Quality management, ISO9001, Kaizen, Kanban, Lean, and Six Sigma, all came from this period when car companies fought to get their processes right for competitive advantage.
And after a while, they got it right, cars stopped breaking down, and the AA had to come up with a new business model – it started selling car insurance, but never really recovered its glory as the original problem had disappeared.
How to make your car indistinguishable?
This was good, but now that safety regulations had arrived. The fuel economy was becoming more important, all cars started looking the same. What made one stand out? Why was it better than another? Were car manufacturers doomed to become makers of indistinguishable products that just got people from A to B?
As a result of historical accidents, some cars gathered reputations – Volvo for safety, BMW for speed, Mercedes for comfort. These were emergent qualities. This is what people said about them. Rather than what the car companies said about themselves. Then, some clever salesmen (and the new marketing men) thought could we use these ideas to give the business model a boost? They thought about it and developed the name of the car company and the models into brands that meant something.

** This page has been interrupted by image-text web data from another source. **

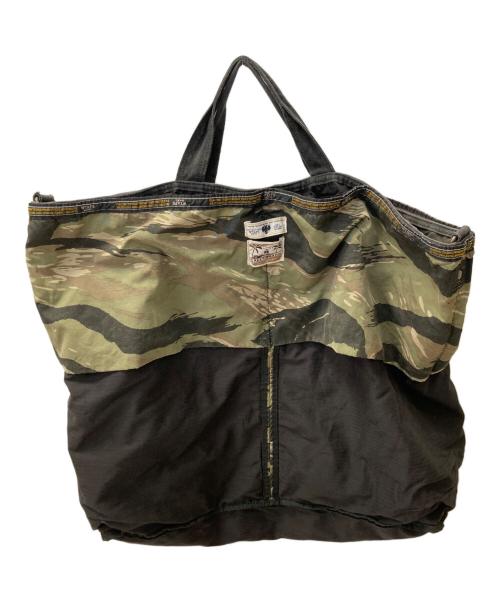 WTAPS（ダブルタップス）WTAPS (ダブルタップス) PORTER (ポーター) タンカー 2way ショルダーバッグ カーキ×ブラックの古着・服飾アイテム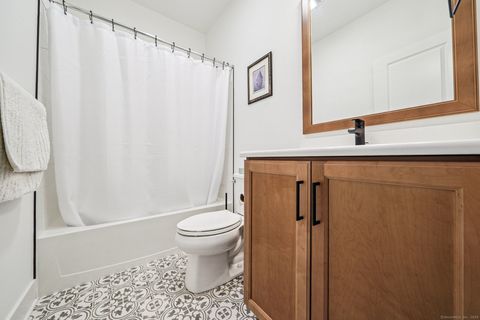 Tiny photo for 33 Enclave Drive #33, Trumbull, CT 06611 (MLS # 24133134)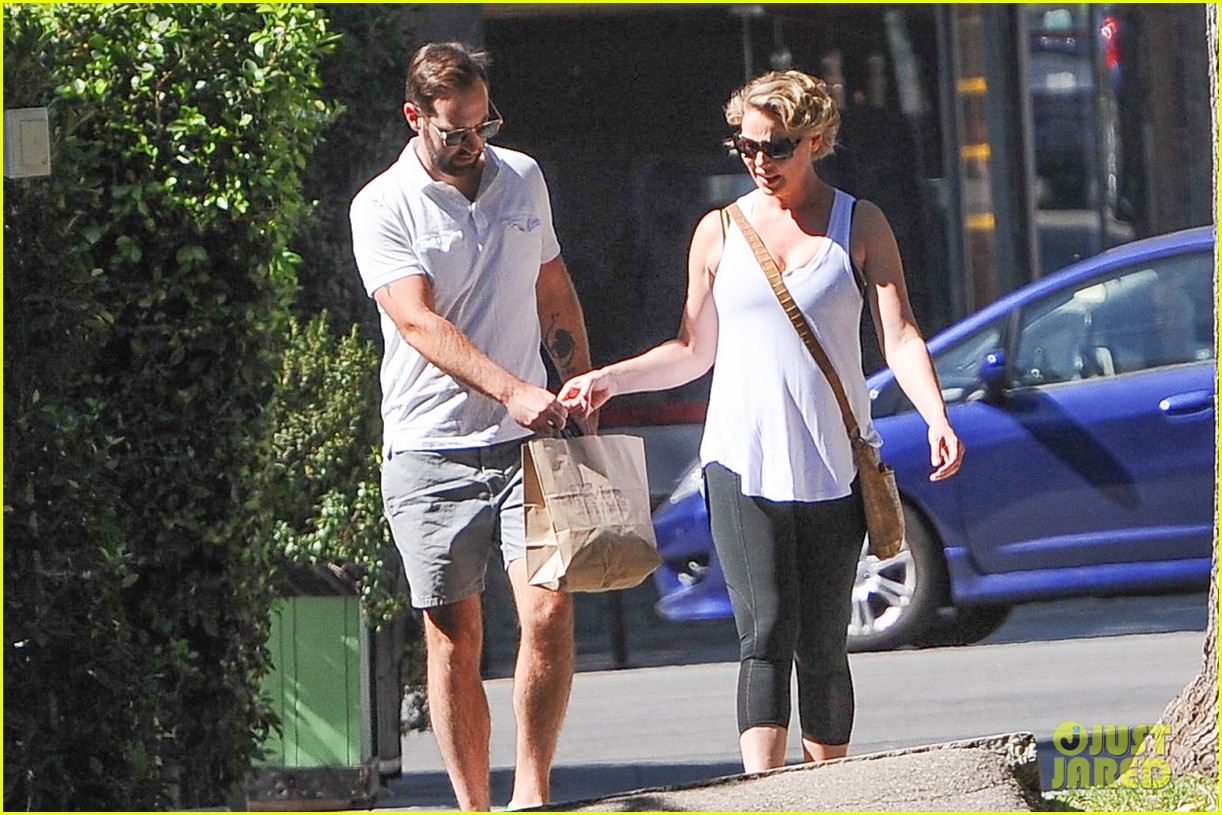 katehrine heigl and josh kelley step out for a lunch date after his concert 173781313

They stopped focusing on the products that distinguished the car, the quality of its construction and focused instead on emotional intangibles. If you drive a BMW, you are dynamic and confident “Assholes” my Dad would have said if he had ever used the word, as they swerved in and out of the traffic in their ‘ultimate driving machines
Sometimes people missed the branding – I bought a girl’s car because it was cheap and had an electric sunroof. Lots of people laughed at my Nissan Micra, but I loved it. Different car manufacturers fought over the middle market, but many owned their own emotional niches populated by eccentric stereotypes.
What was next? Every few years I’d go into the Nissan garage to look at the new Nissan Xtrail, and it would be much the same as the one before. There was never a compelling reason to buy a new one, and the build quality was good enough that mine ket rolling despite my total ignorance of basic maintenance procedures.
In the business model cycle, the car companies had come to a long period of maturity and stagnation. There were continual incremental improvements, but these changed little. How long could this have gone on?
Al Gore and Elon Musk changing the scene
Al Gore and Elon Musk changed that. An Inconvenient Truth pointed out that cars were really bad for the environment. A few years later, Elon Musk, flush with cash, thought about that and looked back at some of the early business models – electric cars, and asked, “Why has nobody been thinking about this?”
They hadn’t because the existing business model worked well enough, and normally generated good profits. So there was no reason to go back a hundred years. Elon Musk saw things differently and saw how an electric car with a totally different business model could change the industry entirely. So, now much of the industry plummets towards death.
VW for example, flip-flops between talking about going electric, but only 30% over the next 50 years. A friend of mine is already working with his government on using electric lorries to disrupt the great container ships sailing from China to Europe, bringing containers overland at a price that cannot be matched by conventional diesel-driven trucks.
There are at least 1,000 entrepreneurs like my friends looking at how the transport industry is going to change. We come full circle now we are tinkering with the car and seeing what we can turn it into. As we do, there will be a huge bloom of new models, most of which will die.